I know I must be coming across as incredibly negative today, but I don't think about the last ten years in a negative light. I've always just accepted my life for what it is, and tried to make the best of every day. Sure, there have been plenty of awful days, but there have been plenty of positives, too. The journey has taught me so much. I've learnt so much about life, and about myself as I've navigated this unconventional life with chronic illness. I've learnt what I'm capable of, how strong I can be, and just how much I can endure when pushed beyond my limits. I've learnt to appreciate the little things in life, and make the best of every day, with what I have. I no longer take life for granted, like I used to. I know how quickly everything can change and be taken away from you. I'm grateful for everything this experience has taught me, as I wouldn't be the person I am now if I hadn't gone through it all.

I don't know where the future will take me- and I don't really like to think about it, as thinking about the future with chronic illness scares me- but wherever the next ten years lead me, I know I'll get through it.
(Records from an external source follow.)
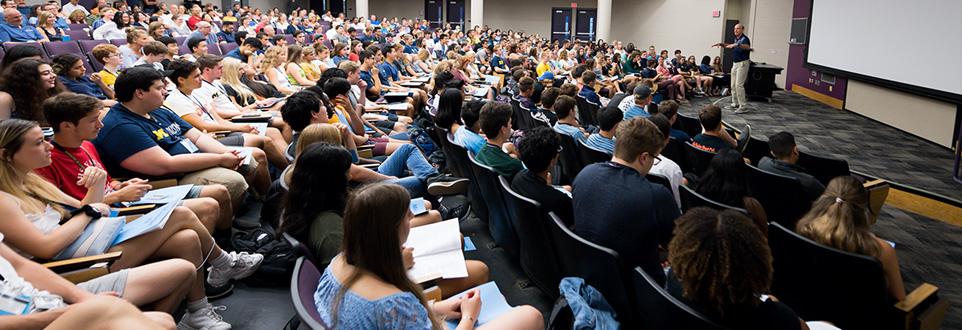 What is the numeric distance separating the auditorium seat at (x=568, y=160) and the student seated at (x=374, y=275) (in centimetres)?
286

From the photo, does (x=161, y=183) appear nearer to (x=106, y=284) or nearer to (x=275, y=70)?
(x=106, y=284)

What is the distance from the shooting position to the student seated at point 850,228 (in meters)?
2.22

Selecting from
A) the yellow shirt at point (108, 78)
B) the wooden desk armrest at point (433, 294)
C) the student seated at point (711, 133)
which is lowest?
the wooden desk armrest at point (433, 294)

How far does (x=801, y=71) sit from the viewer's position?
1335 centimetres

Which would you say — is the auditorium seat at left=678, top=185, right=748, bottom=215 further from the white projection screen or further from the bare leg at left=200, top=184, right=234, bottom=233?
the white projection screen

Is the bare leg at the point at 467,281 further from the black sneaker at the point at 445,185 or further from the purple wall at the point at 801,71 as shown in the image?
the purple wall at the point at 801,71

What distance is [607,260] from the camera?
1948mm

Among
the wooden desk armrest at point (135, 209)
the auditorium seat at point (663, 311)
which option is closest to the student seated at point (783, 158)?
the auditorium seat at point (663, 311)

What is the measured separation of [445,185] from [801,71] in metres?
12.7

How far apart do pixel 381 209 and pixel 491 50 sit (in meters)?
14.4

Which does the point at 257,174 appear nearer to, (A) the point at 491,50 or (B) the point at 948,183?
(B) the point at 948,183

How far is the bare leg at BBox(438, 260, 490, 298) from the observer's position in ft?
7.42

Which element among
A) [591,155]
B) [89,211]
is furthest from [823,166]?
[89,211]

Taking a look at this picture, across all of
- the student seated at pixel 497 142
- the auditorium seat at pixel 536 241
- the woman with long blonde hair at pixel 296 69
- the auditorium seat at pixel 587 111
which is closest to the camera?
the auditorium seat at pixel 536 241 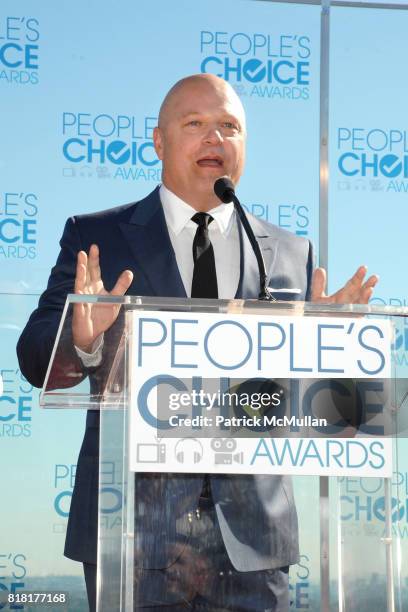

If the last ten years has taught me anything, it's that I'm stronger than I give myself credit for, and if I can get through all that I have, I can get through anything. 

Even though I'm being reflective and letting my feelings out here today, I don't want to focus on the negatives today, nor remember what I've lost or what I've been missing out on. (I wrote this post a few days early to process my feelings ahead of time). I'll of course be acknowledging what this day means and will be giving the last decade some head space, but I'm hoping to make today a positive one so this date isn't just 'The Day My Back Pain Began' or 'The Day My Life Changed Forever.' I'm currently in one of my favourite places enjoying a week's holiday, so I'm hoping to make some nice memories today to cancel out the bad ones. I want today to be a good one. I don't know where the day will take me, but I'm hoping I'll be well enough to take a short day trip or at least go for a walk on the beach. I'm going to eat some good food, breathe in the sea air, let the sea breeze carry away the stress, and relax to the sound of the seagulls. It's going to be a better day than this day was ten years ago, I'll make sure of it. I've not come this far and gone through what I have to let one bad day a decade ago spoil another day of my life.

Life is far too short for that.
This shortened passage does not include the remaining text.